The “seed” server will have all the blocks.
So, the idea is to try findprovs on a bunch of blocks, see what peer IDs they have in common, and then use IPFS Check to talk to that peer and ask it about a bunch of the blocks. If it’s the seed, it will respond that it has them all. That’s the server you want to peer with.
However, after a cursory look just now, their reprovide is dismal, so it’s super hard to find out anything, and that’s why things are super slow.
A lot of people have the misconception that they can use their node to “upload” a bunch of things to IPFS, and then they can just turn off their node and it will magically work. Their node is the seed, if they turn it off, all the content disappears until they turn it back on.
And, of course, if they are publishing a lot of stuff and are not using the accelerated dht, their reprovide will never really work, and things will be super hard to find.
After lunch, I’ll try and poke at it a little bit more, see if I get lucky and find the seed for one of your two examples (assuming it’s even running).

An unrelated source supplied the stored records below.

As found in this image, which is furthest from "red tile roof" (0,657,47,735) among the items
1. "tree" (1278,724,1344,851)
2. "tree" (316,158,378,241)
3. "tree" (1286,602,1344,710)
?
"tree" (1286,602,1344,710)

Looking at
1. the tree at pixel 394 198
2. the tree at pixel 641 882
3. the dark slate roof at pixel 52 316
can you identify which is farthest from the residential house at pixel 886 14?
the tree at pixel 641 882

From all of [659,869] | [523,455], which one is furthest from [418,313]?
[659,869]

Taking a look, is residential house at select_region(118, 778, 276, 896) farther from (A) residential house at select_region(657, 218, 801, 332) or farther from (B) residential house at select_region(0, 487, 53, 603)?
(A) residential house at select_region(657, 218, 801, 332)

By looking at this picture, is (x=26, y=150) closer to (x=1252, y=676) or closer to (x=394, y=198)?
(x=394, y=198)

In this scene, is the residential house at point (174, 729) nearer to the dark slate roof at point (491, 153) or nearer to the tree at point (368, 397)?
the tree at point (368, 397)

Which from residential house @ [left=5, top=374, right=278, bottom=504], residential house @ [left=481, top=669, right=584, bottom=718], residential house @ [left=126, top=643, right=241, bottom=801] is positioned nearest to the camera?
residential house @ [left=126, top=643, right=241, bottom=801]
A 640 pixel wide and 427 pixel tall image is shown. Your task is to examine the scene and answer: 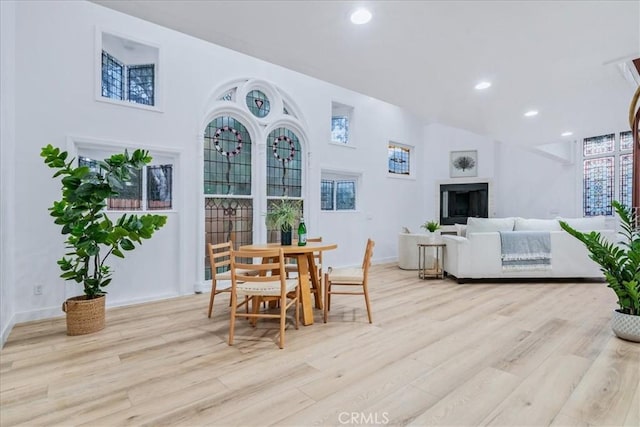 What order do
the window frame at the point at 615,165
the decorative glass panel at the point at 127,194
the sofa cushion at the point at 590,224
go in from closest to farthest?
the decorative glass panel at the point at 127,194
the sofa cushion at the point at 590,224
the window frame at the point at 615,165

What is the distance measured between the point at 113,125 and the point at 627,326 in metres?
5.42

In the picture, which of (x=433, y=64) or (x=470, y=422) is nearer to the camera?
(x=470, y=422)

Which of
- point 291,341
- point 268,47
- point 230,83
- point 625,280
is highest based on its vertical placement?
point 230,83

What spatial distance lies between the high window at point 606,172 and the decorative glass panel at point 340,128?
6160mm

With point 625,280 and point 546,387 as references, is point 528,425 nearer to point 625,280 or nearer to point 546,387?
point 546,387

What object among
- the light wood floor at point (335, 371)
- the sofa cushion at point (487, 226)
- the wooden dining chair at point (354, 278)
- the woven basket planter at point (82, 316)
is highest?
A: the sofa cushion at point (487, 226)

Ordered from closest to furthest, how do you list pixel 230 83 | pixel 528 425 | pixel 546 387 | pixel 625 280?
pixel 528 425 < pixel 546 387 < pixel 625 280 < pixel 230 83

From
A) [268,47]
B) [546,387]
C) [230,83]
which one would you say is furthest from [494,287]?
[230,83]

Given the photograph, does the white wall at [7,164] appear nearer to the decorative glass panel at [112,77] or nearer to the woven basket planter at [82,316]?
the woven basket planter at [82,316]

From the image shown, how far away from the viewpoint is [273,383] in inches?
79.7

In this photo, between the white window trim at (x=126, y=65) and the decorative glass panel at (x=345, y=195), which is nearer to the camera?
the white window trim at (x=126, y=65)

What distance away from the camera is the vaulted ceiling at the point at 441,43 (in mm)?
2122

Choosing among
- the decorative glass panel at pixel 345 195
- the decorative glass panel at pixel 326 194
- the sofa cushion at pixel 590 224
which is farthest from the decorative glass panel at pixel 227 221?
the sofa cushion at pixel 590 224

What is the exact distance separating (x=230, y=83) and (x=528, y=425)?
483 cm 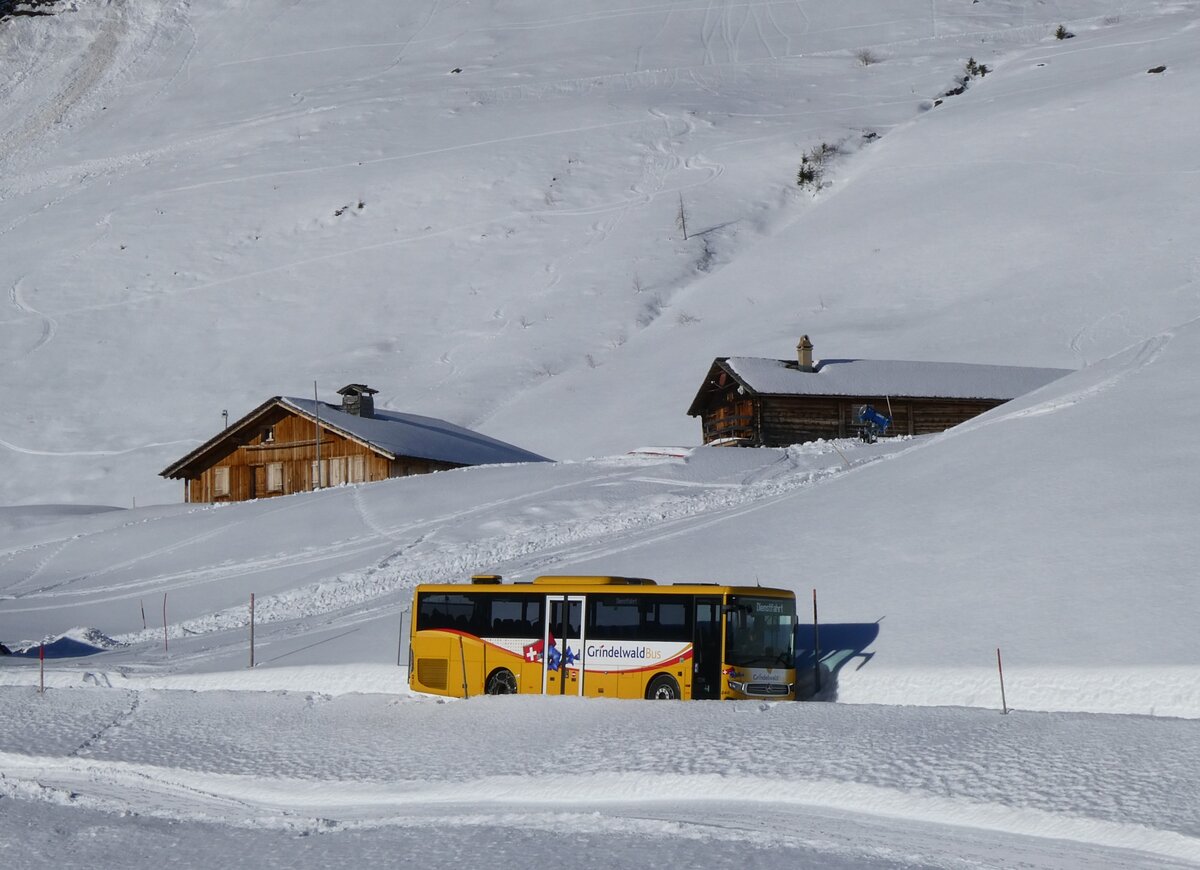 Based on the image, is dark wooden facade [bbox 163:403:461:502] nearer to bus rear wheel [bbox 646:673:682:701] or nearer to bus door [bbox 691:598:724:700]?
bus rear wheel [bbox 646:673:682:701]

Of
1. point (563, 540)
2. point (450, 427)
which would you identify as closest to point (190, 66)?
point (450, 427)

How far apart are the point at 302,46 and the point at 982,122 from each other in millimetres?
65912

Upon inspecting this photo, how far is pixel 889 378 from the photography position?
53.5 m

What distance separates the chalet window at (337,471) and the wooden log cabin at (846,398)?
1377 centimetres

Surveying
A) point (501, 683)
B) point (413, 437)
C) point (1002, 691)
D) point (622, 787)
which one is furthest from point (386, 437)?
point (622, 787)

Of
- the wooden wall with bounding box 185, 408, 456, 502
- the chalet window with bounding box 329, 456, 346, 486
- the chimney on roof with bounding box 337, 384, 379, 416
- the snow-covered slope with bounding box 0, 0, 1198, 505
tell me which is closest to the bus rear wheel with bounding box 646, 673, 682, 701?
the wooden wall with bounding box 185, 408, 456, 502

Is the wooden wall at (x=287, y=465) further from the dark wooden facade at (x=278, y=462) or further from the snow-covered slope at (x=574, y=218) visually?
the snow-covered slope at (x=574, y=218)

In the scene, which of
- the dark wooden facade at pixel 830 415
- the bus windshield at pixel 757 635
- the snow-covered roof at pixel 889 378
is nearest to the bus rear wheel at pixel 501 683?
the bus windshield at pixel 757 635

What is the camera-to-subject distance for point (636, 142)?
319 ft

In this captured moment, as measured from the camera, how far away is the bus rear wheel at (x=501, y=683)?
21875 millimetres

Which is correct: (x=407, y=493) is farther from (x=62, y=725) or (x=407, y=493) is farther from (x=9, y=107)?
(x=9, y=107)

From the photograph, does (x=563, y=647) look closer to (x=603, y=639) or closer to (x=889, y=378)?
(x=603, y=639)

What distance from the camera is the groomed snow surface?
15.0m

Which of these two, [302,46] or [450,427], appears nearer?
[450,427] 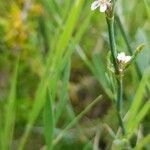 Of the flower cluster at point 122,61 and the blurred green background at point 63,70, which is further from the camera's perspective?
the blurred green background at point 63,70

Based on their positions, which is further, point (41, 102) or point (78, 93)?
point (78, 93)

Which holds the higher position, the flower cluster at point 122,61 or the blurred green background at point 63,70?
the blurred green background at point 63,70

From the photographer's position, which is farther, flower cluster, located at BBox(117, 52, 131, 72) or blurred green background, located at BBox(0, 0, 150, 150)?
blurred green background, located at BBox(0, 0, 150, 150)

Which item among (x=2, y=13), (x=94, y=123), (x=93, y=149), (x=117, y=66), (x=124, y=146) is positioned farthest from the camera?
(x=2, y=13)

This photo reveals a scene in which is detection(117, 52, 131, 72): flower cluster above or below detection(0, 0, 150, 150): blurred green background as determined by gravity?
below

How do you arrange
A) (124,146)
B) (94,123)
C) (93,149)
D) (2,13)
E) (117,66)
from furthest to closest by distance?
(2,13) < (94,123) < (93,149) < (124,146) < (117,66)

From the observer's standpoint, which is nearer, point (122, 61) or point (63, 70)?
point (122, 61)

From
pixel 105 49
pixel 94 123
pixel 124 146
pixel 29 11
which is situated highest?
pixel 29 11

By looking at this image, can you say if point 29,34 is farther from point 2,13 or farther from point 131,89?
point 131,89

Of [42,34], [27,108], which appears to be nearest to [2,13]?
[42,34]

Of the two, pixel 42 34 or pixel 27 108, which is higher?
pixel 42 34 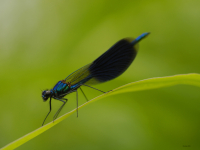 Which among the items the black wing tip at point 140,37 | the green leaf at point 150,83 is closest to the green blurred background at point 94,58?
the black wing tip at point 140,37

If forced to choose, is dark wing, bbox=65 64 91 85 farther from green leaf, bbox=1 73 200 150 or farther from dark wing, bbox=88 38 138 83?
green leaf, bbox=1 73 200 150

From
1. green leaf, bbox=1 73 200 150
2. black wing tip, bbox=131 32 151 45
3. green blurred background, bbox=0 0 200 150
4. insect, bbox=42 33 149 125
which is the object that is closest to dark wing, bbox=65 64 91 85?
insect, bbox=42 33 149 125

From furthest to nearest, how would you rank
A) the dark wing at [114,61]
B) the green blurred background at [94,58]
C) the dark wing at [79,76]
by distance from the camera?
the dark wing at [79,76] → the green blurred background at [94,58] → the dark wing at [114,61]

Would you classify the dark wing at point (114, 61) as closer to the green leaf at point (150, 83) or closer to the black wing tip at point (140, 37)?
the black wing tip at point (140, 37)

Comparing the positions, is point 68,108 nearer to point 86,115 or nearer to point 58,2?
point 86,115

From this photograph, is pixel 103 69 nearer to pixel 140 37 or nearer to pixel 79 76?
pixel 79 76

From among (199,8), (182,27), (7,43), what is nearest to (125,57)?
(182,27)

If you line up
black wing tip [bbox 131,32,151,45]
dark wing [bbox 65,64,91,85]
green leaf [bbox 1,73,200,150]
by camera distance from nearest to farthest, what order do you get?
1. green leaf [bbox 1,73,200,150]
2. black wing tip [bbox 131,32,151,45]
3. dark wing [bbox 65,64,91,85] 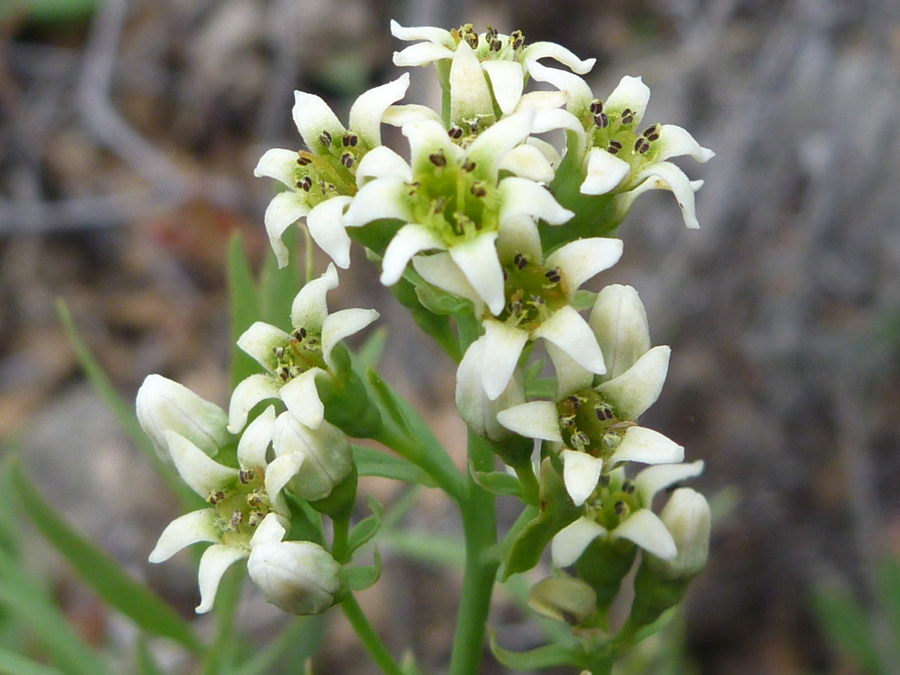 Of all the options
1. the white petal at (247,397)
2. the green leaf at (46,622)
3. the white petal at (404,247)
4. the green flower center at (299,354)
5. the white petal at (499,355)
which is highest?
the white petal at (404,247)

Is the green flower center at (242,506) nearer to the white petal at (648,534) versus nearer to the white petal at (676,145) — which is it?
the white petal at (648,534)

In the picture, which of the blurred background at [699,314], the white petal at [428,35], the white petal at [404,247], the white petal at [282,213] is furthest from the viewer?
the blurred background at [699,314]

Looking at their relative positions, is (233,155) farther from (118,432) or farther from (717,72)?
(717,72)

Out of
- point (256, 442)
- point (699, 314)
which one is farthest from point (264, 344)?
point (699, 314)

The problem is, you now know a lot more about all this than the people who are publishing the content you are trying to get, and that says a lot.
alright I understand now, its a bit disappointing to find out its harder and harder to get this contents faster.
I keep asking because I know there is something I can do since there is other bots who are way faster than mine, so I know I will find a way to get this faster.
anyway, dont worry about it too much, I don’t want you to loose that much time on this little issue.
I guess I will just find a way to multiply the Ip adresses that my multithread uses so I can send more requests and get it that way faster.
Eventually I can run different part of the code on different machines and sum up all the results.
Let’s say there is still something I can do, I just thought that those other bots I see loading the ipfs links in less than 1 second had a special trick in their code or something, I guess that’s not the case though.
Thank you so much man
Nothing goes that fast in IPFS. If they are doing it that fast, something else is going on:
- They had a chance to download the info ahead of time and cached it in a local database, and that’s what they are serving
- They are pulling the data from somewhere else (not IPFS, some sort of API the publisher is providing or documents they published)
- or something else along those lines…
If we can find the seed nodes, it will go fast, but not that fast. It will probably still take 10-15 seconds to pull the whole list.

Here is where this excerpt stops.